Few more spots still open, Keep em coming!


----------



## goosemanrdk (Jan 14, 2003)

Seeing as nobody requested this weekend for the youth hunt, I will be keeping the decoy and taking it along on the youth hunt with my son and my niece. We will be hunting a little pond for woodducks. As of last weekend, there were about 50 total around that were coming in and out in little groups of 2-5. Perfect for the kiddos. Although, this is how things looked last year and just like this year a cold front/cool down came in and on the youth day morning we were covered up in woodducks.
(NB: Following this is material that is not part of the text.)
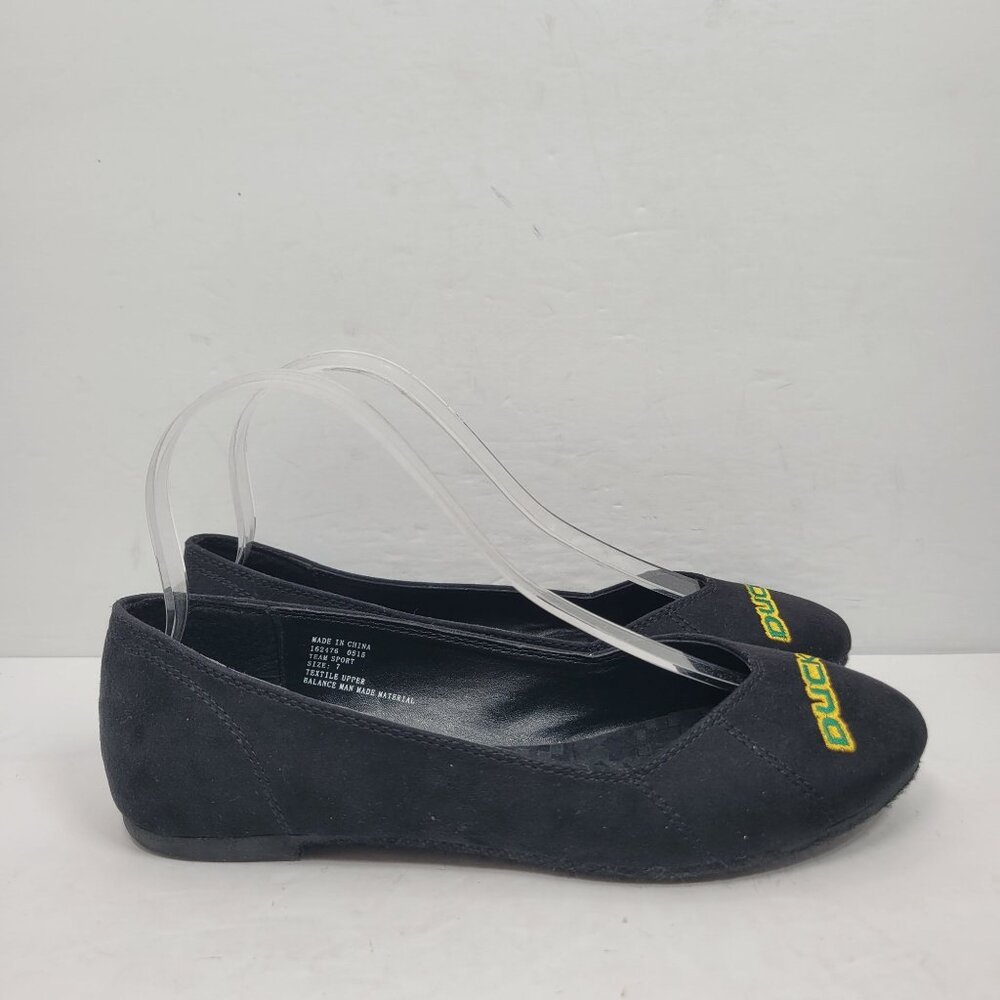 Oregon Ducks Women's Black Slip-On Flats US Size 7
Hoping the same scenario plays out again this year.

Update of the list.
Sep 9-15 Youth Weekend *(Goosemanrdk)*
Sep 16-22 UP opener *(rico1391)*
Sep 23-29
Sep 30- Oct 6 Middle Zone opener *(BC21)*
Oct 7-13 South Zone Opener *(Puddle-Hunter)*
Oct 14-20 Local as WW opener is 10/16 *(MDHACHAPTER/goosemanrdk) With a possible hand off option for the weekend*
Oct 21- 27 *(sswhitelightning)*
Oct 28-Nov 3 *(Divas Hunt)*
Nov 4- 10 *(LEMDHA/goosemanrdk)*
Nov 11- 17*(Sampsons_owner)*
Nov 18- 24*(TSS Caddis)*
Nov 25- Dec 1*(younggun7)*
Dec 2- 8
Dec 9- 15 Middle Zone late 2 day
Dec 16- 22
Dec 23- 29 South Zone late 2 day
Weekend of Jan4th and 5th - *(dankoustas)*

Still a few days left in year, so send in a request if you would like to hunt with the decoy.


----------



## LakeEffectMDHA (Dec 15, 2011)

Today is the deadline for RSVP for the Lake Effect Chapter of the Michigan Duck Hunters Association&#65279; ALL YOU CAN EAT Shrimp Boil/Perch Dinner at the Holiday Inn Muskegon-Harbor&#65279; 
Please either:
1. Email [email protected]
2. Call Susie at 231-343-4092
As a reminder, it is Thursday September 19th, with a Cashbar starting at 5:30pm, Dinner at 7pm. There will be some great raffles, great fellowship, and incredible food! What better way to officially kick off the 2013-2014 Duck Season.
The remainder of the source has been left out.